È accusato di tentato omicidio. Il suo legale, l'avvocato Marcello Caci, ha richiesto un trasferimento. L'aggressore sarà spostato in una struttura con un reparto psichiatrico.
Questo permetterà un'adeguata assistenza in vista del processo. La vicenda ha sollevato interrogativi sulla sicurezza in città.
La gratitudine della vittima
La donna aggredita ha espresso un profondo desiderio. Vorrebbe incontrare la persona che l'ha salvata. Si tratta di una signora che si è fermata con la sua auto.
Questa sconosciuta ha prontamente chiamato i soccorsi. La vittima ritiene che senza questo intervento le conseguenze sarebbero state ben peggiori. «Senza di lei, purtroppo è facile immaginare come sarebbe finita», ha dichiarato la donna.
La vittima spera che questa generosa passante si faccia sentire. Desidera poterla ringraziare di persona per il suo gesto.
Solidarietà e critiche
Nonostante il trauma, la donna ha ricevuto molti messaggi di vicinanza. Questi sono giunti da colleghi, superiori e conoscenti. La solidarietà espressa le ha dato conforto.
Tuttavia, è emersa anche una critica. Molti hanno notato la mancanza di una presa di posizione istituzionale. Non ci sono stati commenti ufficiali sull'accaduto.
Questo silenzio ha generato indignazione. Soprattutto se paragonato alle reazioni per altri episodi di violenza. La paura che un'aggressione simile possa capitare a chiunque è palpabile.
Contesto e preoccupazioni
La situazione dell'aggressore era nota. Era stato segnalato più volte nella zona. Frequentava piazza Cavour e il ponte Gombaro. Spesso era visto bere e fumare.
Velda Mozart di Confindustria Lecco-Sondrio ha espresso preoccupazione. «Lo vedevo tutti i giorni e lo ho allontanato più volte», ha affermato. Si interroga su quali saranno le prossime azioni. «Ora che si farà? Lo mandiamo in un centro di recupero?»

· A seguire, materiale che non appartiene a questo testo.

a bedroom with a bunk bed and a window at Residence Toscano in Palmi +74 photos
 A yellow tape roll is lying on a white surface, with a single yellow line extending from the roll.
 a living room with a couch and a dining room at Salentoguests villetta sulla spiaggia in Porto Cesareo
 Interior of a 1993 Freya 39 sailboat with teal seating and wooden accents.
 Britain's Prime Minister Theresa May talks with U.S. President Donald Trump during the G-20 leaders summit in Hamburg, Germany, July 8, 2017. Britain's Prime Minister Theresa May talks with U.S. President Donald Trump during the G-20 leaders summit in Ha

La sensazione è che Sondrio non sia più un luogo completamente sicuro. L'episodio ha evidenziato questo timore.
Il silenzio istituzionale
Il silenzio delle istituzioni è stato notato. Soprattutto in confronto ad altri casi. Si ricordano episodi simili che hanno generato manifestazioni di solidarietà.
Ad esempio, un'altra aggressione a una donna in via Vanoni. O una violenta rapina a ottobre 2025 in via Morbegno. Per quest'ultimo caso ci fu una mobilitazione pubblica.
Ci si chiede se le recenti vacanze di Pasqua abbiano distolto l'attenzione. Intanto, un altro processo è in corso. Un uomo del Mali comparirà a giugno. È accusato di rapina, violenza sessuale e lesioni gravissime.